Но тут-то Крэг Туми и сделал нечто такое, чего они не ожидали вместе со всеми своими подопытными кроликами, крысами и морскими свинками: он заявил им, что выходит из игры.
«Но ты же не можешь! Взорвешься!»
«Взорвусь? Ну и отлично».
Теперь ему все стало ясно. Очень ясно. Все остальные люди тут были либо невинными зеваками, либо антуражем, нанятым, чтобы придать достоверность маленькому дурацкому спектаклю. Все было разыграно ради того, чтобы удержать Крэга Туми подальше от Бостона и не допустить его выхода из эксперимента.
«Но я им покажу», — думал Крэг.
Он вытащил еще один журнал из кармашка переднего сиденья и посмотрел на него.
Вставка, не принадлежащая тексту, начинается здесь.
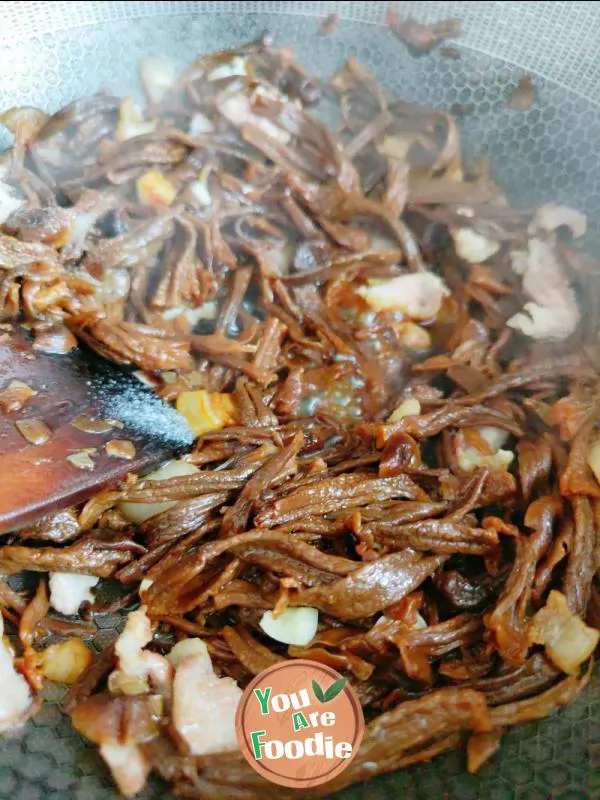 Fried meat with antler mushrooms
На обложке был изображен счастливый мужчина, человек, наверняка отродясь не слыхавший о лангольерах и не подозревавший о том, что они таились повсюду, за каждым деревом и кустом, в каждой тени там, за горизонтом. Счастливый человек катил по живописной сельской местности в автомобиле, арендованном у фирмы «Авис». Реклама гласила: «Когда вы предъявите карточку постоянного клиента „Гордости Америки“ в бюро „Авис“, вам непременно предоставят автомобиль, а если пожелаете, то и с интересной водительницей». Он начал отрывать узкую полоску от лоснящейся рекламы. Долгий, медленный звук рвущейся бумаги был одновременно и сокрушительным, и успокаивающим.
«Они увидят сами, когда я скажу им, что выхожу из игры. Убедятся, что у меня слово с делом не расходится».
Он уронил полоску на пол и принялся за следующую. Важно было отрывать их медленно. Так же важно было, чтобы они были как можно уже. Но сделать их слишком узкими было нельзя, поскольку они обрывались на середине. Для того, чтобы сделать каждую полоску ровной, нужно было иметь хороший глазомер и твердые руки.
«А я обладаю и тем и другим. Советую проверить. Очень советую.
Рррип.
Может быть, придется убить пилота».
Его пальцы замерли на половине листа. Посмотрел в иллюминатор и увидел собственное отражение на фоне черноты — бледное длинное лицо.
«Возможно, мне придется убить и англичанина».